Del resto «gli artisti hanno bisogno di collezionisti, di molti collezionisti, che comprino i loro lavori». Qualche affare, però, ora che il mercato comincia a sgonfiarsi, è andato storto anche a lui. «Non so quanto ho perso», spiega, «devo ancora dare un’occhiata». Sul futuro, tuttavia, ha le idee molto chiare. Quando il cronista del Guardian gli chiede quali saranno gli artisti che fra cent’anni resisteranno all’usura del tempo, non ha dubbi: «I libri d’arte del 2105 saranno tanto brutali nel valutare il Ventesimo secolo quanto lo sono quelli attuali su tutti gli altri secoli. Tutti gli artisti all’infuori di Jackson Pollock, Andy Warhol, Donald Judd e Damien Hirst saranno note a piè di pagina». Anche perché, secondo Saatchi, oggi il talento è merce rara: «C’è una così scarsa disponibilità di talento... è più facile far passare la mediocrità per brillantezza che sottovalutare un genio».
Tanta fortuna
Per questo motivo, qualsiasi opera può rivelarsi un investimento fortunato: «Non ci sono regole per gli investimenti.
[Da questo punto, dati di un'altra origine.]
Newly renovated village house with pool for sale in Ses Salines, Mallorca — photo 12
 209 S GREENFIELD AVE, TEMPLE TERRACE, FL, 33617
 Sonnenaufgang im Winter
Uno squalo può essere buono, la merda d’artista può essere buona. L’olio su tela può essere buono. C’è una squadra di curatori, lì fuori, pronta a occuparsi di qualunque cosa un artista decida essere arte».
Poco importa, dunque, che molte opere da lui vendute più che a capolavori assomiglino a costosissimi soprammobili (ad esempio quelle di Damien Hirst, per stessa ammissione di Saatchi): «Potremmo anche dire che i dipinti di Rothko assomigliano a dei bei tappeti. Non è un crimine per l’arte essere decorativa».
Charles dice la sua anche sulla conservazione del patrimonio culturale. Pensa, per esempio, che i governi dovrebbero spendere un sacco di soldi per riportare in patria i propri capolavori: «A costo di essere linciato - un’altra volta - dalla ciurma dei critici d’arte, penso non ci sia più bisogno di salvare quadri per la nazione, a spese del sostegno all’arte contemporanea: che differenza fa se un Tiziano è esposto alla National Gallery, al Louvre o agli Uffizi? Non siamo nel Diciottesimo secolo: la gente viaggia. Non è necessario essere nazionalistici con i tesori dell’arte mondiale».
In ogni caso, è consigliabile anche per i privati non spendere troppi soldi in quadri e sculture. Se uno avesse qualche migliaio di euro, secondo King Charles farebbe meglio a comprare «premium bond. L’arte non è un investimento a meno che tu non sia molto, molto fortunato e batta i professionisti sul loro stesso terreno».